ETFs with clean energy themes are generally invested in multiple sectors other than energy. For example, the Harvest Clean Energy ETF’s 40-stock portfolio is roughly half invested in utilities, so it’s largely a play on renewable power generation. Government incentives and decreasing costs are setting the stage for strong long-term growth, according to Harvest’s managers.

Power generation is an area “where it’s a lot easier to make the transition to renewables,” said Mike Dragosits, portfolio manager with Oakville, Ont.-based Harvest Portfolios Group Inc. “You have commitments from governments all around the world to make the transition.”

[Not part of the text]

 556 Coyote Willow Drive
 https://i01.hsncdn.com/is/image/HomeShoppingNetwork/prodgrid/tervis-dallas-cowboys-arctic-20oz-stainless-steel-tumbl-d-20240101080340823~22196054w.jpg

Clean energy initiatives on power generation and transportation include everything from decarbonization pledges agreed to at last month’s COP26 conference in Scotland, to billions of dollars in clean energy infrastructure spending and subsidies signed into law by U.S. President Joe Biden, to Prime Minister Justin Trudeau’s government escalating carbon levies.

While the world is shifting toward decarbonization, Ninepoint’s Nuttall said people don’t appreciate how long it’s going to take to transition to renewable fuels and electric vehicles for the 60% of oil demand that is transportation-related.

“There’s 1.3 to 1.4 billion cars that need to be displaced. That number is growing every year as the world’s population grows, as living standards grow. And yet total EV sales last year were five million.”

What’s often also overlooked, Nuttall said, is the source of inputs required for zero-emission solutions such as electric cars. In many countries, where electricity is generated by coal-fired plants, “it’s really a coal-fired electric car. Is that better?”

Complicating environmental, social and governance considerations are widely differing ESG methodologies, Dragosits said. Those that employ negative screening criteria exclude all fossil-fuel companies, while others rank these companies on a relative basis within their industry peer groups. “But from the bigger-picture perspective, you’re going to be focused on the clean energy side as opposed to traditional oil and gas.”

However, the two types of energy providers aren’t mutually exclusive. Cheong noted that giant energy companies are making substantial investments in renewable energy. “The business models are shifting. They’re trying to adapt to survive in a new environment.”